• [Requirement] In the entries below, find the line with "Window Netting White" and the line with "Taç ikonu. Web". Return those two lines and all lines between them, exactly.
#### Records supplied ####
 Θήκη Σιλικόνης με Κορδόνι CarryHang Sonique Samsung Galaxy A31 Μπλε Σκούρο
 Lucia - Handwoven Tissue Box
####
#### Records supplied ####
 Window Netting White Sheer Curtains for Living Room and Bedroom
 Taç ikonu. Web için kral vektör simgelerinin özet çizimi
####
#### Records supplied ####
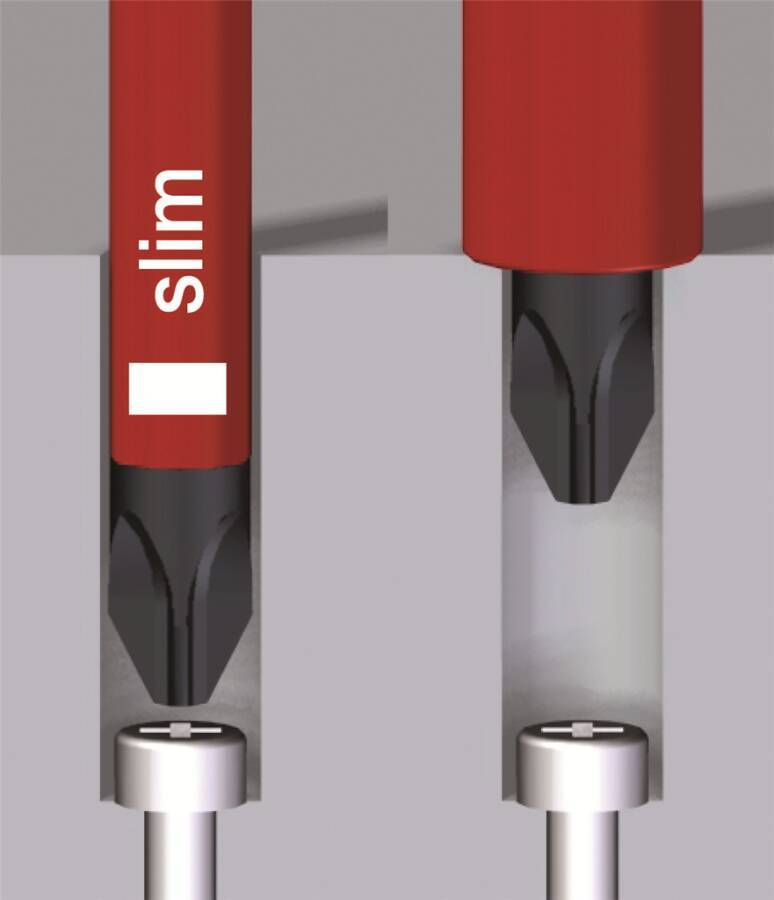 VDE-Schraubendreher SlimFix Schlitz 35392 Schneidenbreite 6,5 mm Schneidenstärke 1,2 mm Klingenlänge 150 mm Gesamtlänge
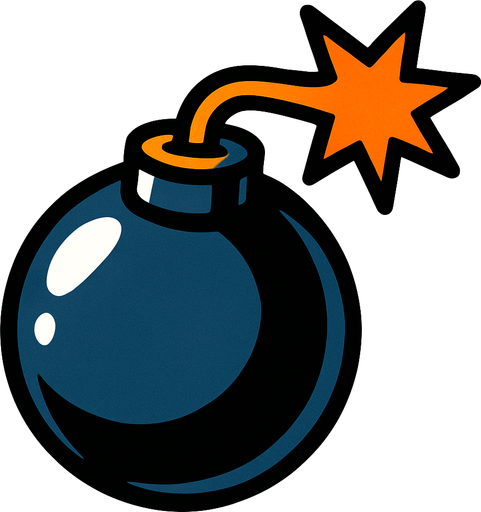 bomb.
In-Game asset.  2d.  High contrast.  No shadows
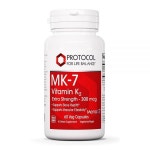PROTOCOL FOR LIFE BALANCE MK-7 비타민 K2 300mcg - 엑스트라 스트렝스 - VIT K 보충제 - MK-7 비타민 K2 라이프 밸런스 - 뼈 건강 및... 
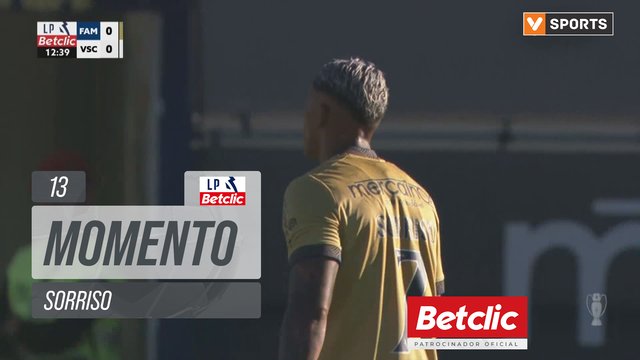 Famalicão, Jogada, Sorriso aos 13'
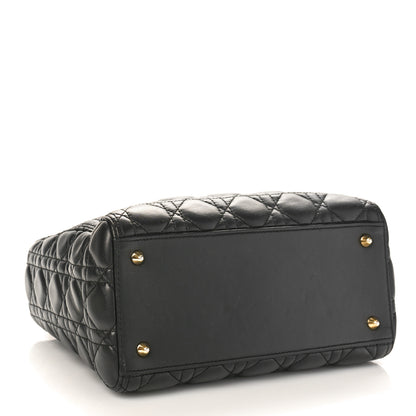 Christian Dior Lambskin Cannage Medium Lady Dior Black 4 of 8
####
• [Result of this exercise]
 Window Netting White Sheer Curtains for Living Room and Bedroom
 Taç ikonu. Web için kral vektör simgelerinin özet çizimi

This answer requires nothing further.